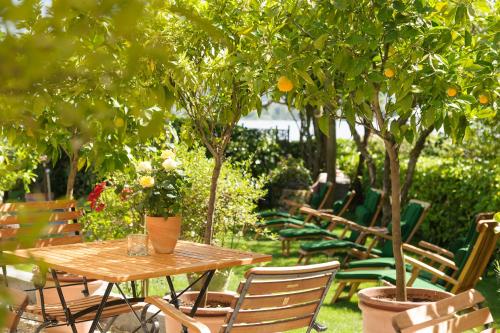 a wooden table and chairs with orange trees in a garden at Hotel Barleben am See in Konstanz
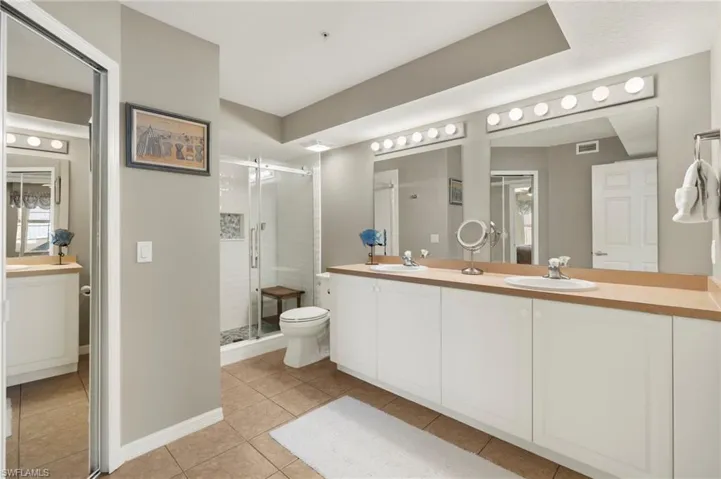 Bathroom featuring tile patterned floors, dual vanity, an enclosed shower, and toilet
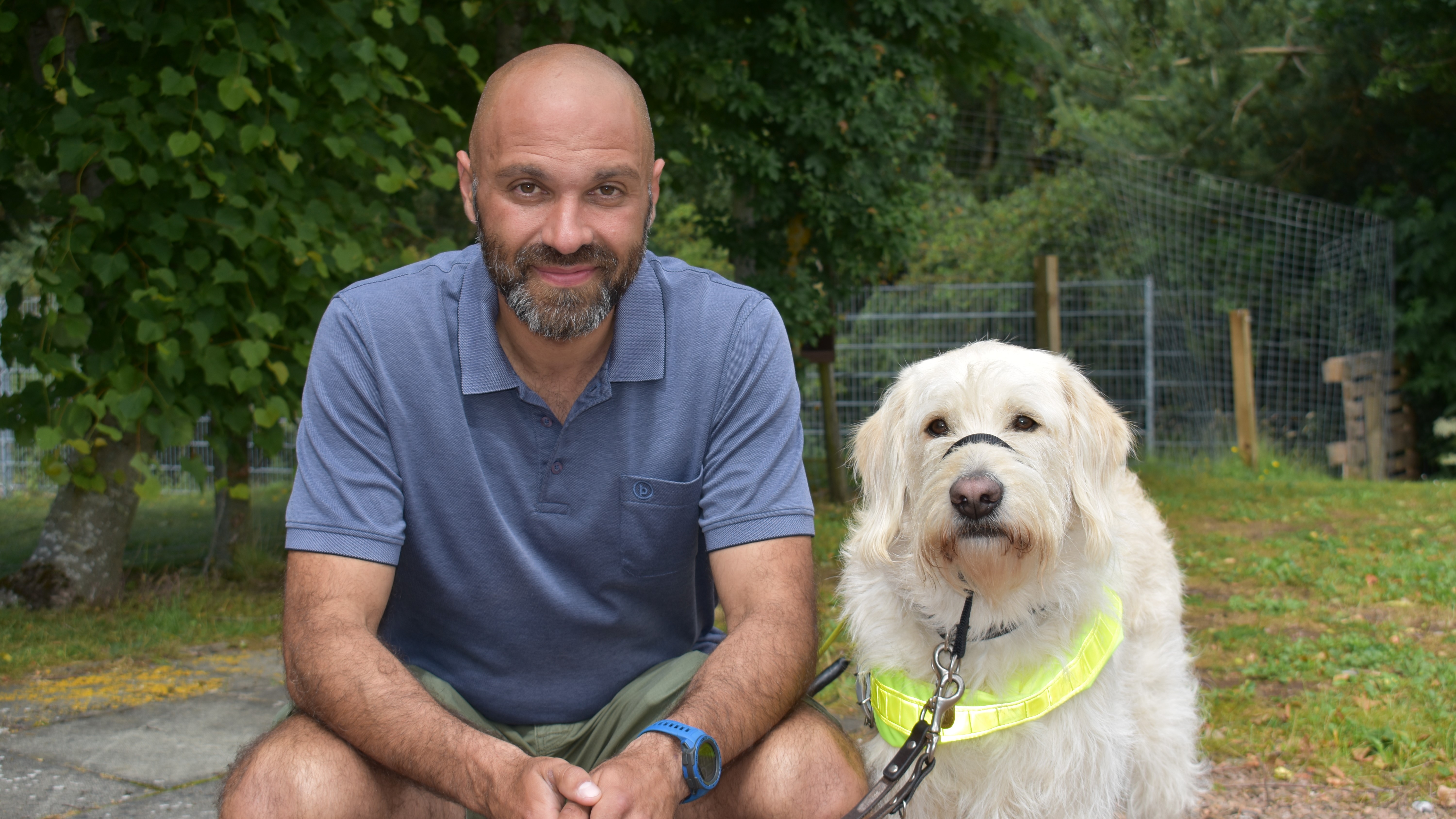 Guide Dog Mobility Specialist Paco sits next to cream Labradoodle Piran, who has a shaggy coat and wears a florescent guide dog harness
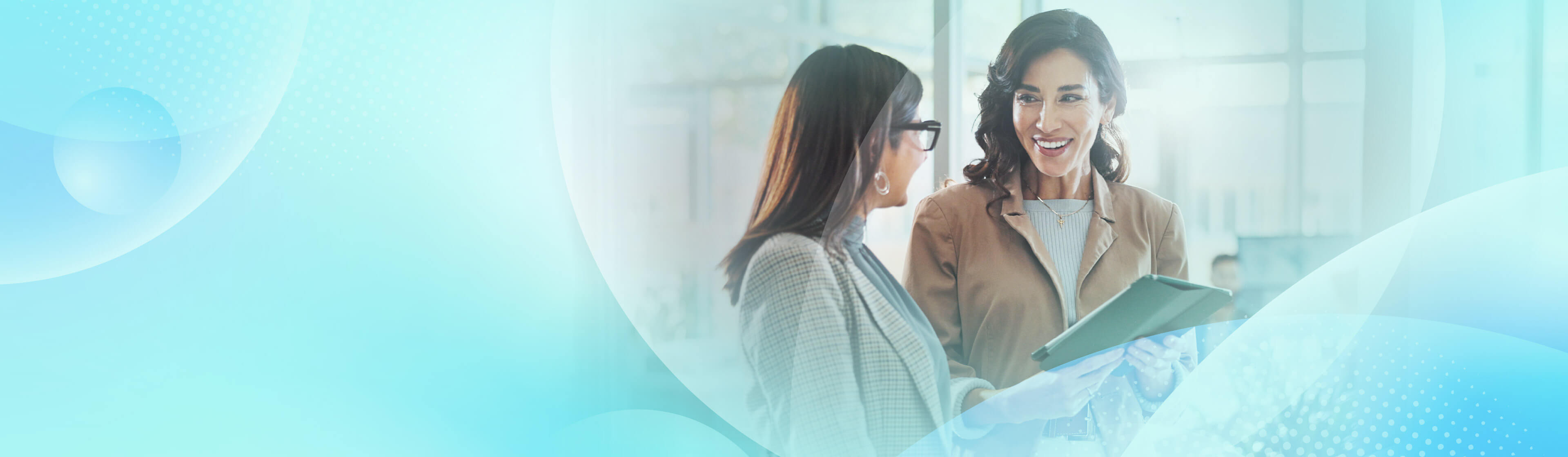 Two professional women smiling and discussing AI on a tablet, with a light blue abstract pattern overlaying the image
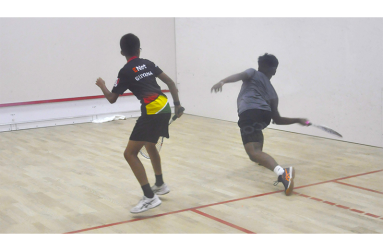 Ethan Bulkan (left) beat Justin Goberdhan 3-0 on Thursday night at NRC (Sean Devers photo)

● Instructions for the task:
Exactly the lines running from the one with "Bathroom featuring tile" through the end of the listing above must be output, both ends included. No pictures belong in the output.

● Your response:
 Bathroom featuring tile patterned floors, dual vanity, an enclosed shower, and toilet
 Guide Dog Mobility Specialist Paco sits next to cream Labradoodle Piran, who has a shaggy coat and wears a florescent guide dog harness
 Two professional women smiling and discussing AI on a tablet, with a light blue abstract pattern overlaying the image
 Ethan Bulkan (left) beat Justin Goberdhan 3-0 on Thursday night at NRC (Sean Devers photo)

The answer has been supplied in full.